Belle Lurette d'Hélène Pradas – Article d'un jour de neige.

« Un anniversaire, cela se fête dans des bulles, non dans des vagues », cette petite phrase murmurée par Charles, au mitan de ce roman d'Hélène Pradas, justifie la douceur du titre, Belle lurette, et la tendresse des aquarelles de la vie d'Anah, peintre octogénaire qui nous apprivoise au long d'un récit ponctué au fil des heures, et des quarts d'heure, par sa pendule.
Hélène Padras a situé ce petit bijou entre les bulles de souvenirs du Maghreb qui remontent de l'enfance de son héroïne et les vagues océanes de la Bretagne où se termine son existence. On navigue avec elle entre les berges de l'Atlantique et celles de la Méditerranée, ces rivages qui enveloppent le coeur de sa vie, enclos dans les villages parisiens de la capitale.
Anah avait anticipé le conseil de Charles, le fidèle ami: « On ne plonge pas dans un amour comme un sucre dans une tasse de café chaud. On se dissout sinon. »
Femme-caméléon aux facettes rassemblées dans le prisme de ses couleurs, Anah ne s'est pas dissoute car les couleurs ne disparaissent pas, parfois plus belles quand elles s'atténuent et que tout se recompose. Bleue dans les yeux du père, brun or dans ceux d'Yvon, rouge sous les paupières de Luc, cette « femme de bruine et de brume » trace devant nous dans ce récit l'ultime autoportrait de la vie traversée du « souffle de ses yeux ».
Canotant d'une teinte à l'autre, parfois mélancolique, dans l'unité de temps d'une journée – celle de son quatre-vingtième anniversaire – l'écluse du passage des âges – elle compose sans fard ce roman-tableau, bilan de ses « quand même »...
Anah sait aujourd'hui que les imperfections de la vie dessinent en silence la force d'aimer. Et si l'enfance et la vieillesse se tiennent la main dans de fragiles avancées, femme entre Jules et Jim dans le tourbillon de sa vie, elle dessine au seuil de la mort l'estampe apaisée d'une forme de sagesse et de fougue mêlées.

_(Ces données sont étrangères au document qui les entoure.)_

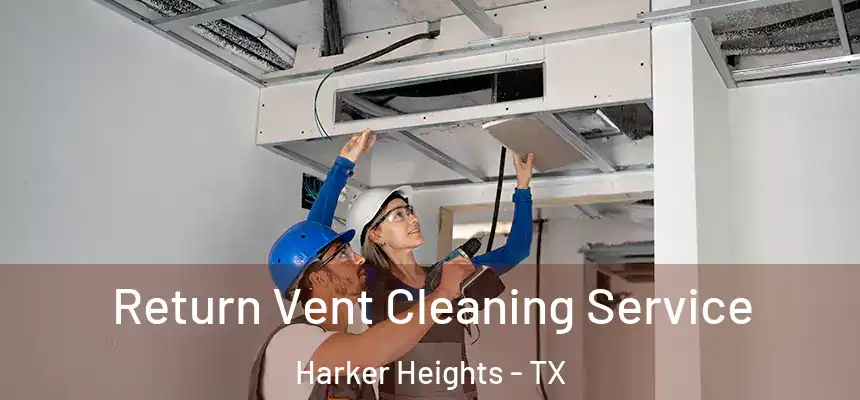  Return Vent Cleaning Service Harker Heights - TX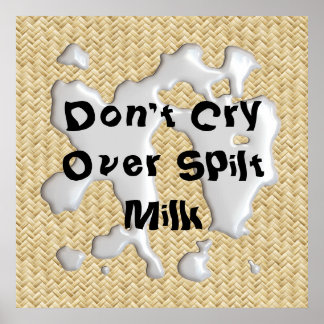 Póster ¡No llores por la leche derramada! Poster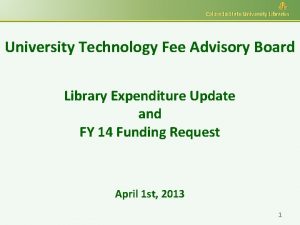 Colorado State University Libraries University Technology Fee Advisory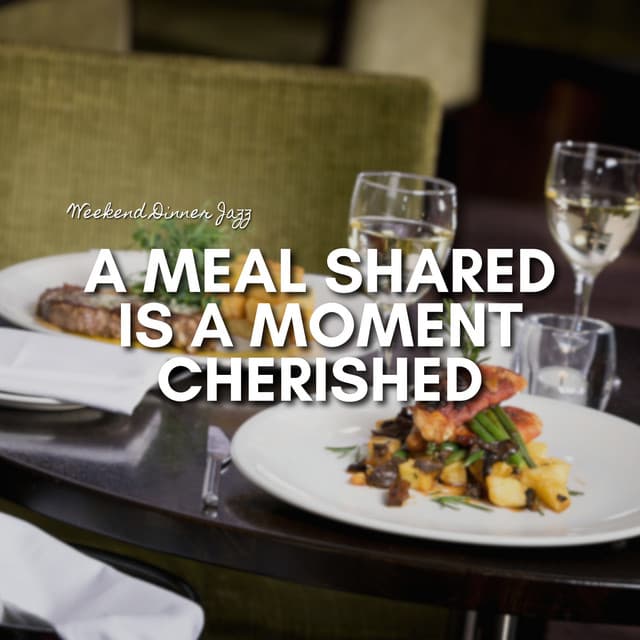 A Meal Shared Is a Moment Cherished - Weekend Dinner Jazz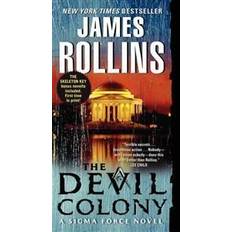 The Devil Colony: A SIGMA Force Novel (Häftad, 2012)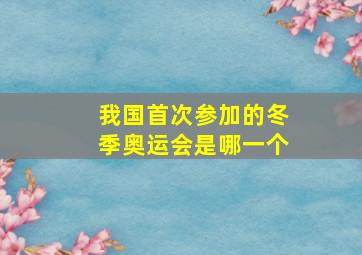 我国首次参加的冬季奥运会是哪一个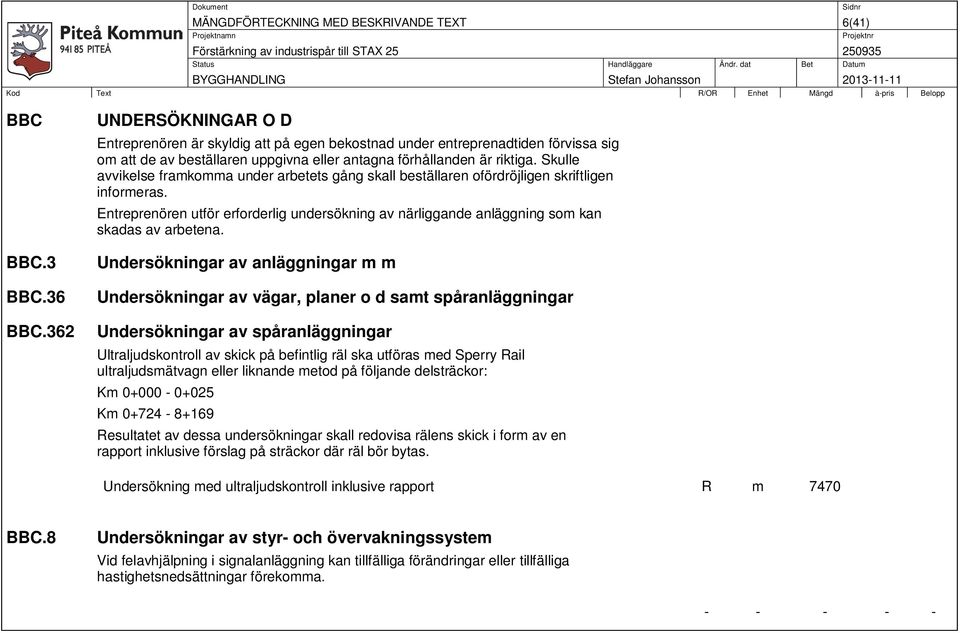 Skulle avvikelse framkomma under arbetets gång skall beställaren ofördröjligen skriftligen informeras.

Ce livre magnifique fait écho au film de Miguel Gomes - « Tabou » - dans lequel Aurora, la vieille lisboète, confie à Pilar, voisine de palier, ses secrets de femme. Complicité féminine retrouvée ici entre Anah et Jeanne qui l'aide au ménage. Dans ces deux récits en abyme… le passage de témoins parallèles d'Aurora et d'Anah vers leurs filles. Passages… Walter Benjamin, l'auteur berlinois promeneur des « passages », aurait déambulé dans les pages de Belle lurette au côté d'Hélène Pradas dont « la présence [était] ici, dans la ville, dans les rues contenant les passages »…
« Je suis la finitude » ainsi se définit Anah - celle qui même entourée reste seule -, artiste des paradoxes qui cherche en même temps « le pays où jamais ne prend fin ce que l'on a aimé. »
Cet anniversaire a des airs de ménage de Jeanne, nous confie-t-elle, soulevant les souvenirs, balayant l'inutile, ravivant au grand air les couleurs de l'histoire. […] J'ai peint aujourd'hui un livre d'images, mon jardin intérieur, espace habité de présence, seul témoin de mon passé, venu chatouiller ma peau, mes souvenirs, geste simple de chemin lointain, dessin d'enfant mûri par l'âge. Comme Siri Hustvedt, la romancière de Brooklyn auteur de l'essai sur la peinture « Les mystères du rectangle », Anah-peintre, est « une femme qui tremble »… ses « tableaux bien trempés ».